Exercise objective:
Your reply should be an exact copy of every entry, with the pictures removed.

Material for the task:
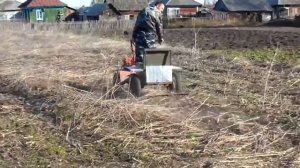 Уборка сорняка сухостоя мотоблоком форза.
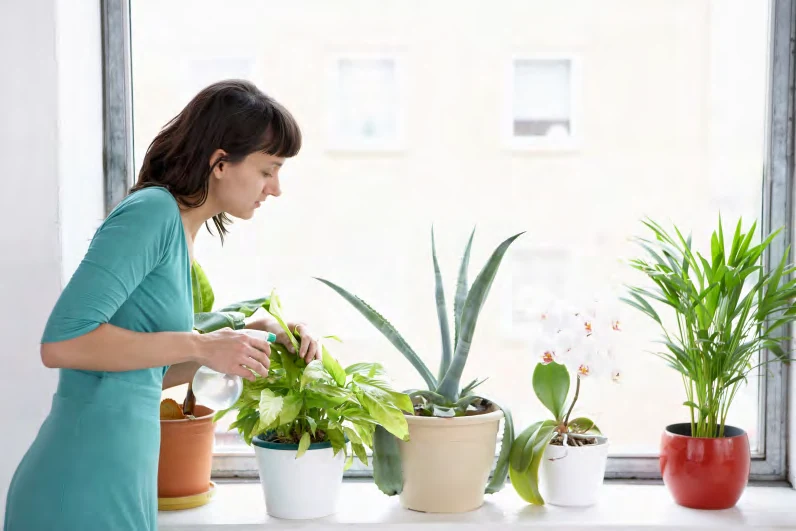 観葉植物へ水やりをする様子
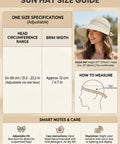 Size guide for 2-In-1 Women's Sun Visor Hat With Wide Brim Or Zip-Off Top, Lightweight Quick-Dry, UPF 50+ Sun Protection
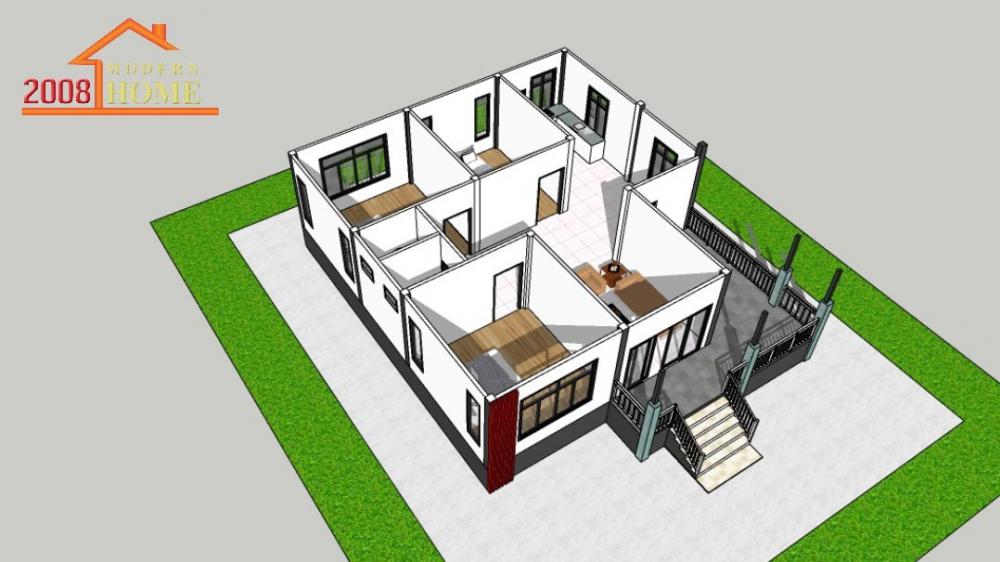 แบบบ้าน : โมเดิร์น 1ชั้น คสล.ยกพื้นสูง1.20m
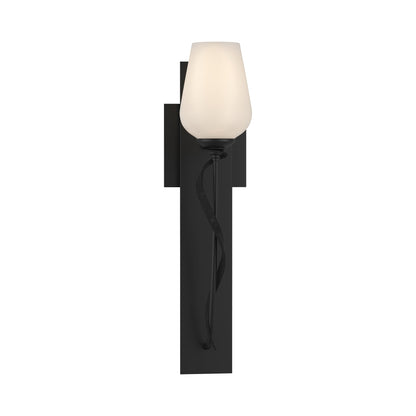 Flora Stem Wall Light in Black (Opal Glass).
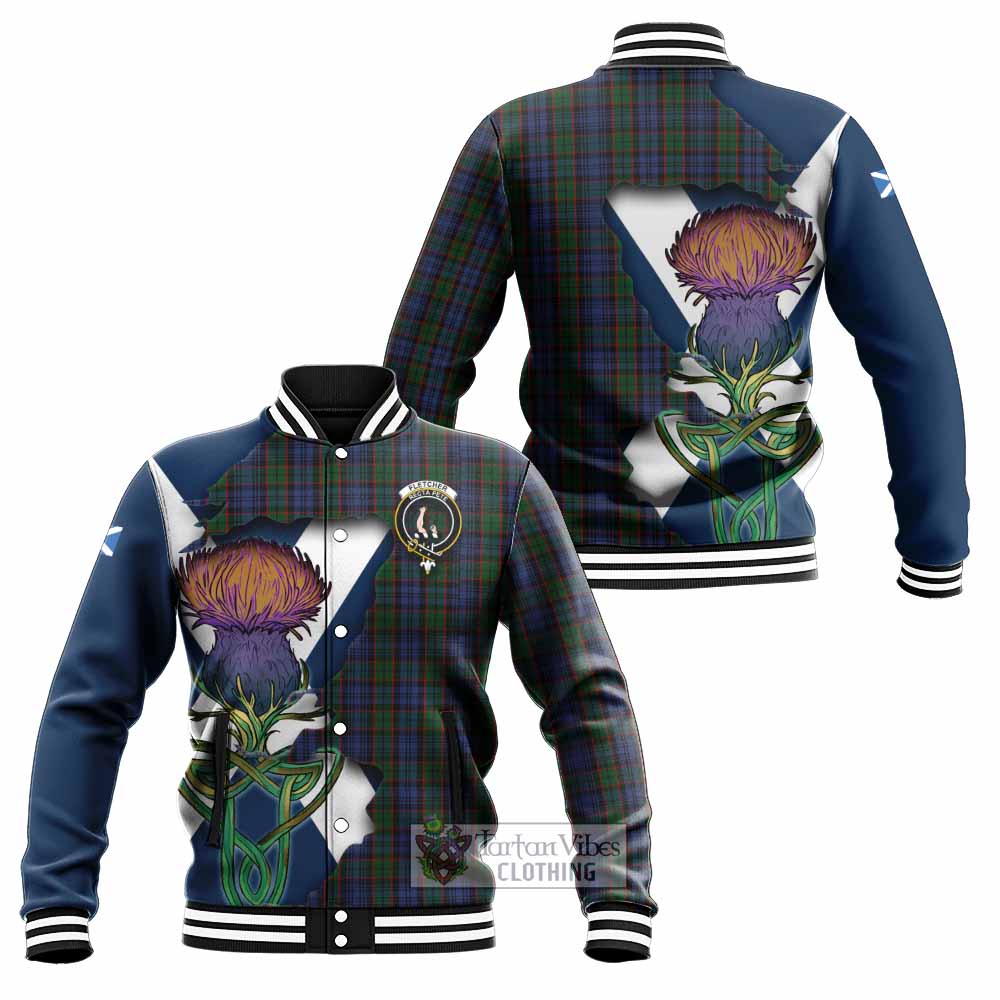 Tartan Vibes Clothing Fletcher Tartan Family Crest Baseball Jacket Scottish Thistle Celtic Inspired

Exercise result:
 Уборка сорняка сухостоя мотоблоком форза.
 観葉植物へ水やりをする様子
 Size guide for 2-In-1 Women's Sun Visor Hat With Wide Brim Or Zip-Off Top, Lightweight Quick-Dry, UPF 50+ Sun Protection
 แบบบ้าน : โมเดิร์น 1ชั้น คสล.ยกพื้นสูง1.20m
 Flora Stem Wall Light in Black (Opal Glass).
 Tartan Vibes Clothing Fletcher Tartan Family Crest Baseball Jacket Scottish Thistle Celtic Inspired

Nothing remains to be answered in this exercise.